→ **THE TASK**: Give back exactly the lines of the material below that start at the line containing "All right, so" and end at the line containing "Billy Kersey here, to", and no others.

→ **SOURCE MATERIAL**:
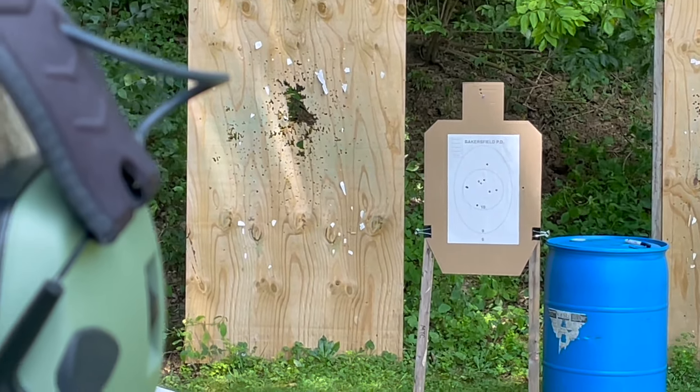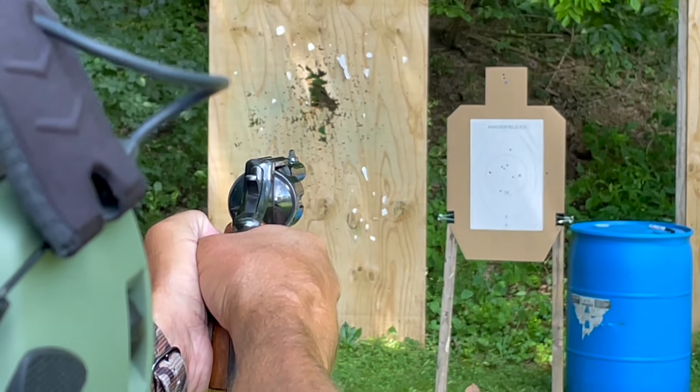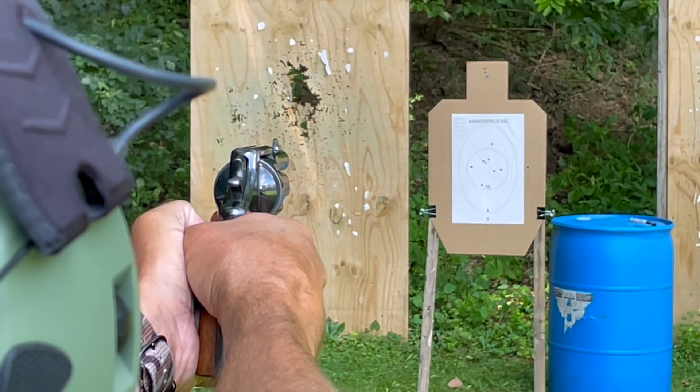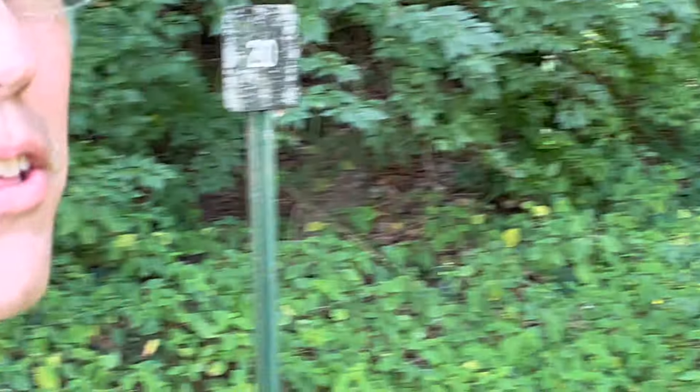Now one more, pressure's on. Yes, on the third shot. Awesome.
* * *
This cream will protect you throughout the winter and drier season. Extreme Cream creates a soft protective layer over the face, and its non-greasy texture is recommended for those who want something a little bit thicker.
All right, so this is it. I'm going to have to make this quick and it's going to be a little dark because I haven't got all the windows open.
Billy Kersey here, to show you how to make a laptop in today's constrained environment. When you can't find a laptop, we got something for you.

→ **TASK RESPONSE**:
All right, so this is it. I'm going to have to make this quick and it's going to be a little dark because I haven't got all the windows open.
Billy Kersey here, to show you how to make a laptop in today's constrained environment. When you can't find a laptop, we got something for you.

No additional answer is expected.